The chatelaine of the real Downton Abbey and a close friend of the Queen left almost £1million in her will.
Jeanie, Countess of Carnarvon, who died aged 83 in April last year, bequeathed most of her fortune to her children and grandchildren.
Born in America, she married Henry Herbert, Lord Porchester, or ‘Porchy’, the only son and heir of the 6th Earl of Carnarvon.
Porchy would go on to become the Queen’s racing manager in 1956. He died in 2001 and so did not see the popularity of Downton Abbey, which used his home, Highclere Castle in Berkshire, as its backdrop.
Highclere Castle in Berkshire, the home of Jeanie, Countess of Carnarvon, and her husband Henry Herbert, Lord Porchester, was used as the backdrop in Downtown Abbey
However, Jeanie was said to delight in watching Dame Maggie Smith play the Dowager Countess.
For years, Highclere had badly needed major repairs. Because of the costume drama’s huge success, interest in the house sparked an influx of visitors, which helped pay the estimated £12 million cost of building work.
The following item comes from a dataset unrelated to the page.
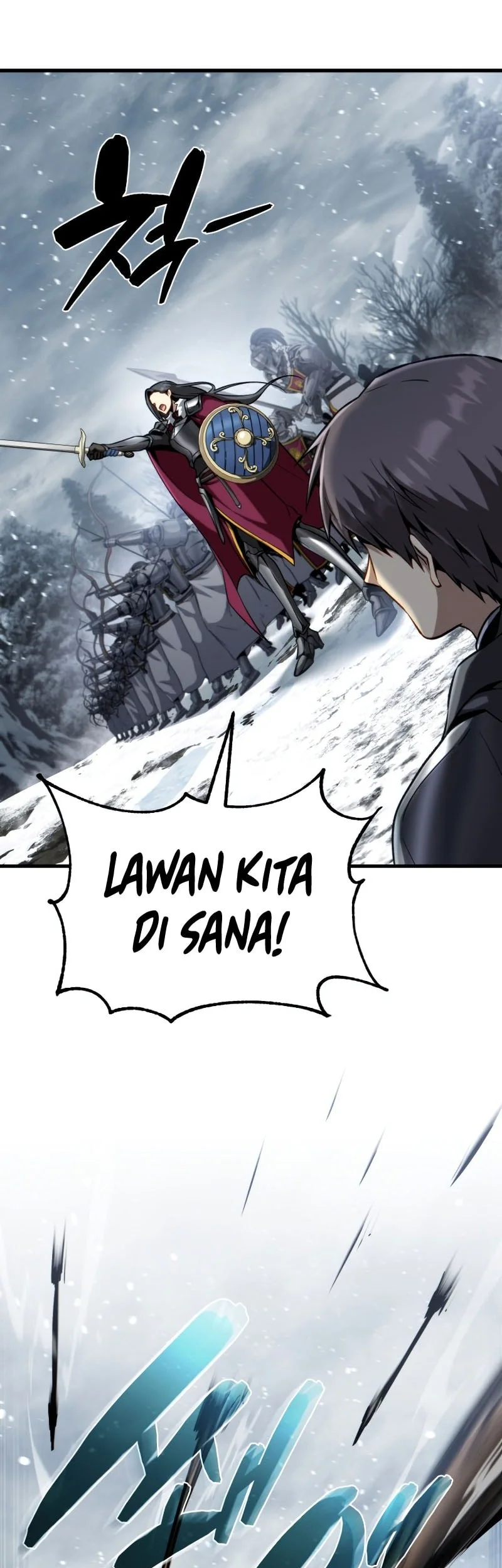 I Became the First Prince: Legend of Sword's Song Chapter 40 - halaman 21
Figures released by the probate office reveal that Jeanie left a gross estate of £1,016,070 and, after her outstanding affairs were settled, a net estate of £972,044.
Her younger son, Harry, inherits a property and land in Wyoming, where his mother was born, as well as mineral rights and her shares in a water company.
Jeanie also bequeathed the Pink House at Penwood in Berkshire to her daughter, Lady Carolyn Warren, who is married to John Warren, the Queen’s bloodstock adviser.
Jeanie, Countess of Carnarvon, who died aged 83 in April last year, left £1million in her will and bequeathed most of her fortune to her children and grandchildren. Pictured, Lady Porchester and the Queen at Epsom Derby Day
The countess gave the rest of her estate on trust for her nine grandchildren.
Her eldest son George Herbert, the current Earl of Carnarvon, and his wife Fiona, Lady Carnarvon, the current occupants of Highclere, are not mentioned in her will.
In an interview in 2015, the Countess admitted that Downton Abbey’s success had brought problems. ‘I do get annoyed when visitors chuck litter about,’ she said. ‘We fill black bags with the stuff.’
She also admitted to opening a bottle of champagne at the end of filming and barking instructions on the correct way to move antique furniture.
‘You lift a girl in your arms and a chair by its bottom,’ she would tell the show’s technicians.